As design professionals, what we do day in, day out is 100 percent about communication. We convey ideas through words, pictures, sketches, etc., and to get what we want, we have to make ourselves clear – crystal clear. Easier said than done, right?
Wilson’s own Cheryl Neumann likes to say, “the effect of all communication is the response you get.” In this business, it’s less about a killer design and more about how you get your point across. Believe me, everyone wants the ideal, picturesque setting at the end of the project, but if messages are getting lost in translation, the finish line will seem a lot further away.
Now we could all communicate better: more clearly, more frequently, more concisely, etc. But more importantly, it’s essential we know our audience and manage expectations—our own and others’. There are parts of this profession that are a lot simpler than we make them out to be, but in our efforts to design unique and/or inspiring spaces, we can end up saying a lot more than we mean, and that long-windedness can either confuse or bore the other party. So, if you’re not getting anywhere, try a different approach; try a manner geared toward the recipient. Otherwise, what you say may or may not be what you get. In fact, it’s a lot like this situation…

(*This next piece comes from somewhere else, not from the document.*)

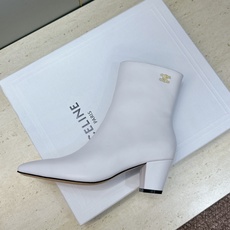 CELINE 2026秋冬新款中跟及裸机车女短靴 瑟琳字母logo粗跟尖头侧拉链拼色马丁骑士靴 材质鞋面定制进口小牛皮+ CELINE 2026秋冬新款中跟及裸机车女短靴 瑟琳字母logo粗跟尖头侧拉链拼色马丁骑士靴 材质鞋面定制进口小牛皮+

If you found yourself laughing, you’re either the client, the designer or the subcontractor. It’s funny because it’s true! That film, Mr. Blandings Builds His Dream House (starring the incomparable Cary Grant), was made in 1948, which means nearly 70 years ago, clients and designers had the same conversations we are having today. The whole movie is full of these instances that hit close to home for those of us in this industry, and they’re equally hilarious.
We tend to think we know what we want, but when we don’t get it, we find ourselves asking, “What do you NOT understand?!” Remember communication is a two-way street. If you hit a road block, try driving the other way to get to your destination. In the end, sometimes red is red and white is white. It can be as simple as that.